The other day, I was thinking back to the year 2000 and the website, Hot-or-Not. If you are not familiar with this website, the concept was simple: men and women uploaded their photos and then you rated their attractiveness on a scale from 1-to-10 (10 being the most attractive). As trivial as this may sound, rating on a scale from 1-to-10 actually stressed me out. Thirteen years later, the same thing holds true. I don't like scales from 1-to-10; and, I think the reason for this is that selecting an appropriate rating poses a serious user experience (UX) problem.
On A Scale From 1 To 10
In a complete vacuum, if looked at a scale from 1-to-10 where 1 is the least attractive and 10 is the most attractive, what would a 5 indicate? Logically speaking, a 5 is in the middle - it is neither attractive nor is it unattractive. So, if you rated someone a 5, logically speaking, they should neither feel (too) insulted nor (too) complimented.
The problem with this Spock-like analysis is that we don't live in a vacuum. In fact, most of us have at least 12 years of deeply influential experience under our belt. Namely school and scholastic testing. In school, tests were typically graded on a scale from 1 to 100, which can be easily mapped to a scale of 1 to 10 in the mind. And, what did school teach us about this scale:
- 1 - Fail
- 2 - Fail
- 3 - Fail
- 4 - Fail
- 5 - Fail
- 6 - Basically Fail
- 7 - Passing
- 8 - Good
- 9 - Great
- 10 - Excellent
Now, in this context, we have an extremely different picture. 5 is no longer indifferent; 5 is decidedly bad - very bad. And, so is 6 for that matter. Maybe when you get to 7 you can start to feel good; but, really, you should be aiming for an 8 or above.
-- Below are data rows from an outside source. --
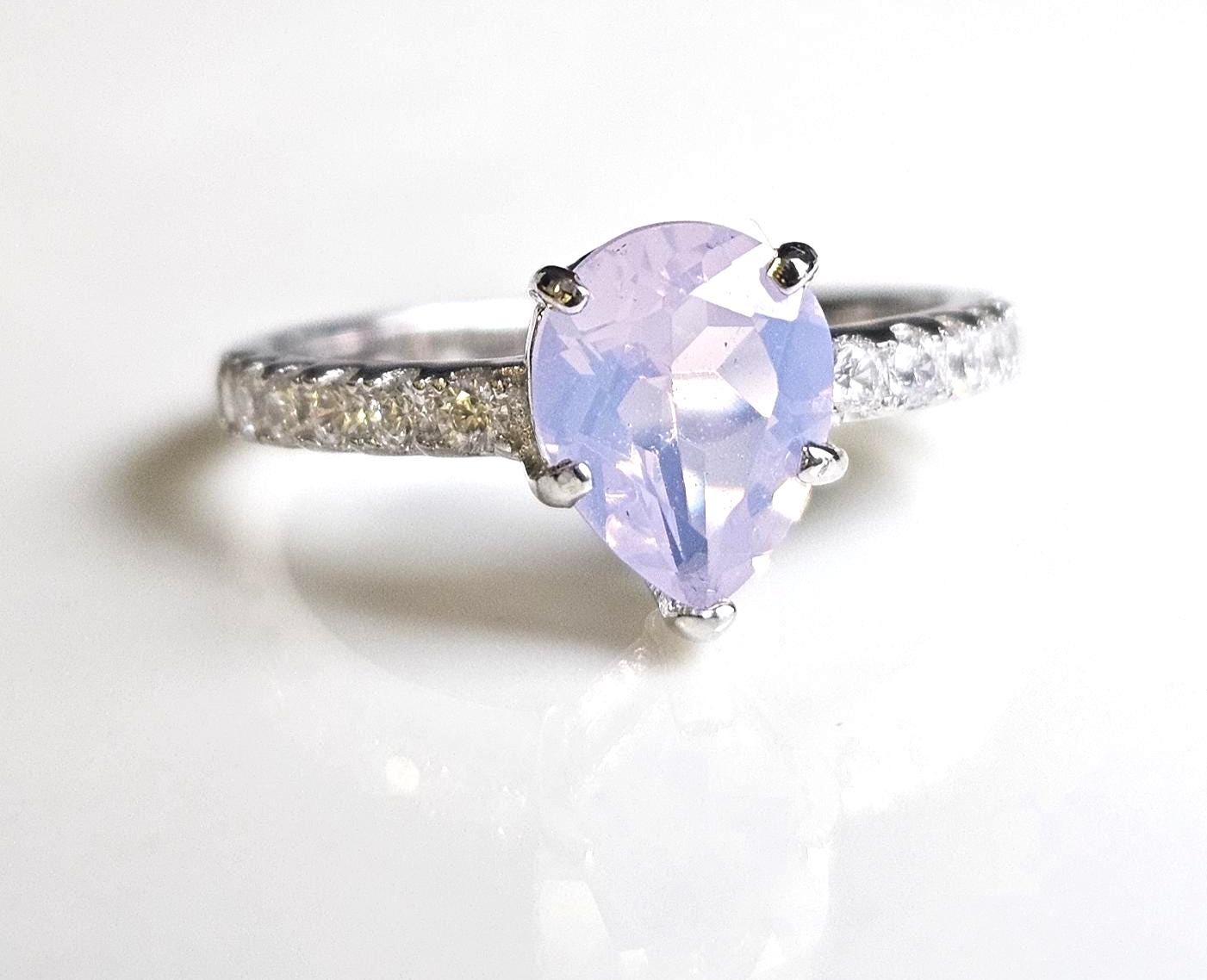 moon stone ring, 925 sterling silver, geometric ring, luxury ring, engagement ring, celestial jewelry, minimalist ring, handmade, spiritual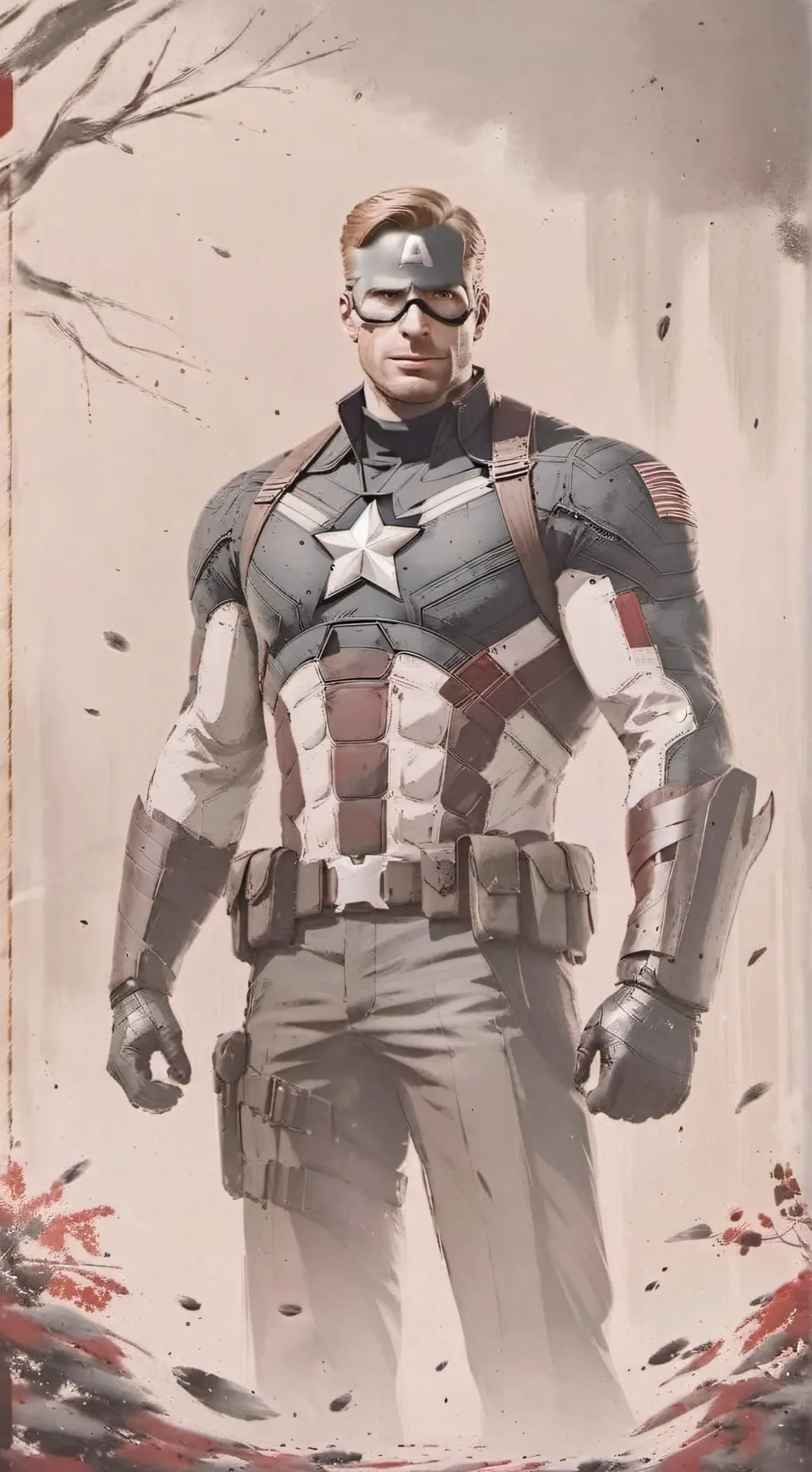 ai character: Steve  and Y/N background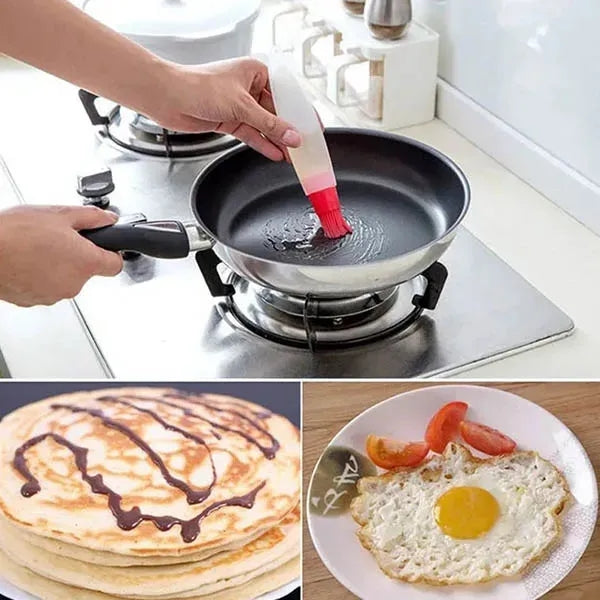 Silicone Cooking Barbecue Baking Grill Oil Bottle Brush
My point here is not that test-taking is bad; my point is that rating things on a scale of arbitrary size is a shockingly complex user experience. Not only does it require a rich and consistent mental model, but it has no way of taking personal experience into account.
A better user experience (UX) would be to get a user to select an action that he or she would theoretically take. Different users will have different motivations; but at least with a selected action, we add a meaningful abstraction layer between analysis and outcome.
The Likert Scale - How Strongly Do You Agree?
The Likert scale is the most widely used approach to scaling responses in user surveys. The Likert scale starts to move in the right direction in that it is geared more towards Action rather than arbitrary scale. The problem with Likert, however, is that it pairs a set of nuanced choices with a non-nuanced statement.
A typical Likert scale question will pose a statement and then ask you how strongly you agree or disagree with said statement. So, for example, after staying at a Hotel, you may be presented with the following survey question:
I would recommend this hotel to my friends and family:
- Strongly Agree
- Strongly Disagree
This approach is almost good because it poses the question in terms of an action: recommending the hotel. The downfall here is that the user's relationship to said action is inappropriately nuanced. Actions are not nuanced; they are black and white. As Yoda once said, "Do. Or do not. There is no try."
Decision making is definitely nuanced. Decision making is very complex. Decision making calls on personal history, culture, knowledge, self-esteem, analysis, context, pros, cons, etc.. But, once you make a decision, the outcome is simple - yes or no; agree or disagree.
Trying to merge these two different gestures into a single question forces the user to start performing overly-complex mental gymnastics. For example, I recently stayed at the Radisson Blu hotel at this year's cf.Objective conference out in Minnesota.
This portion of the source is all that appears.